Using the listing below, copy exactly the lines from the one containing "16g G23 Titanium" to the one containing "CWORKS【Novelist】All Leather deck", both lines included, and no others.

> **Data records**:
#####
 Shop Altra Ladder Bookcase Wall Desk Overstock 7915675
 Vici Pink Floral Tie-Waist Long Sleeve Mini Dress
#####
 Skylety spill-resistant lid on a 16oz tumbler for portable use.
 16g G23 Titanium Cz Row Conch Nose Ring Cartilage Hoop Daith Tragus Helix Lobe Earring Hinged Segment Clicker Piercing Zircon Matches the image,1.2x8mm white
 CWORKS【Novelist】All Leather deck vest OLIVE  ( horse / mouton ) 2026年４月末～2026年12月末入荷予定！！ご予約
#####
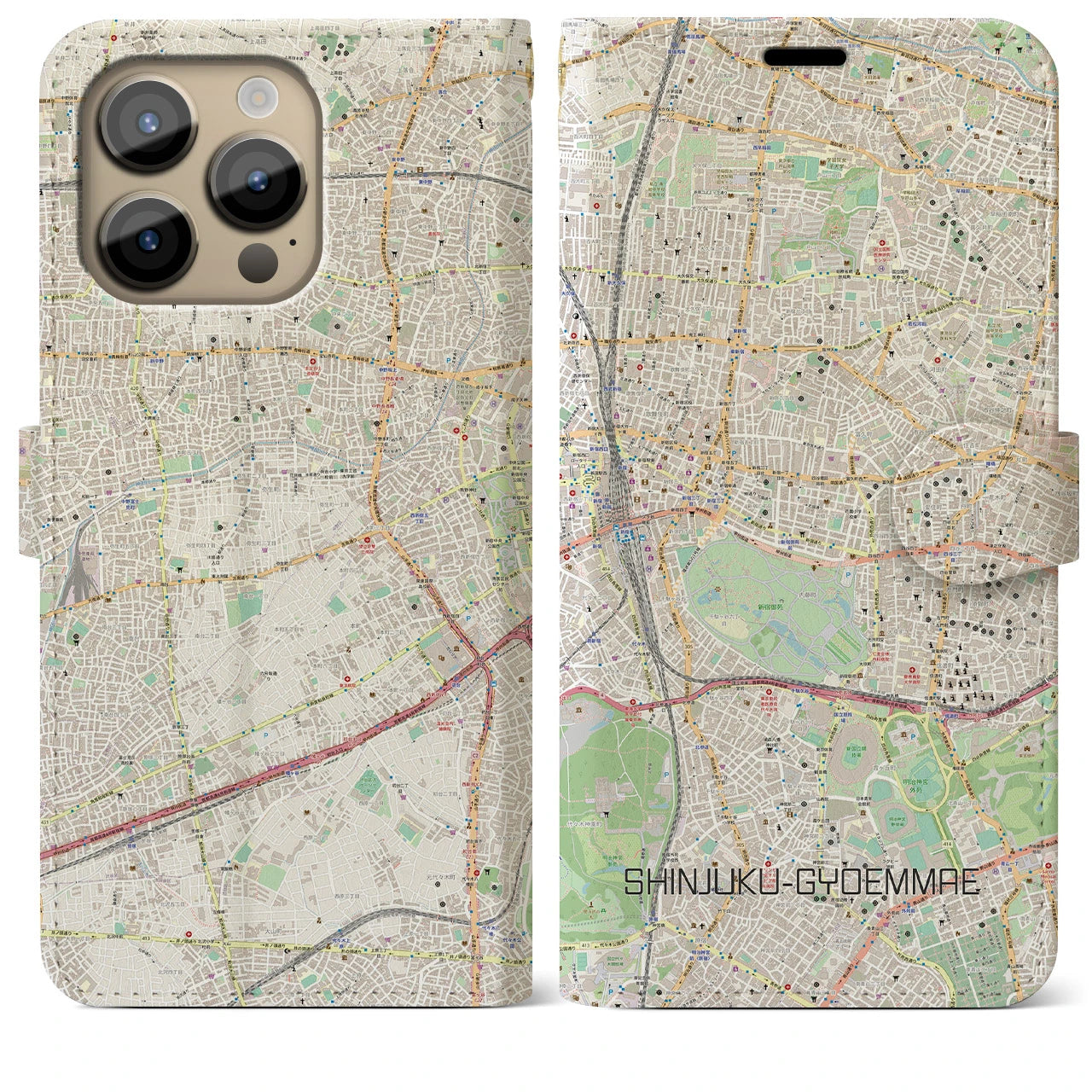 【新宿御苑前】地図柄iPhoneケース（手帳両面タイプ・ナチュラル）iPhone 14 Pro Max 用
#####
> **Result of the task**:
 16g G23 Titanium Cz Row Conch Nose Ring Cartilage Hoop Daith Tragus Helix Lobe Earring Hinged Segment Clicker Piercing Zircon Matches the image,1.2x8mm white
 CWORKS【Novelist】All Leather deck vest OLIVE  ( horse / mouton ) 2026年４月末～2026年12月末入荷予定！！ご予約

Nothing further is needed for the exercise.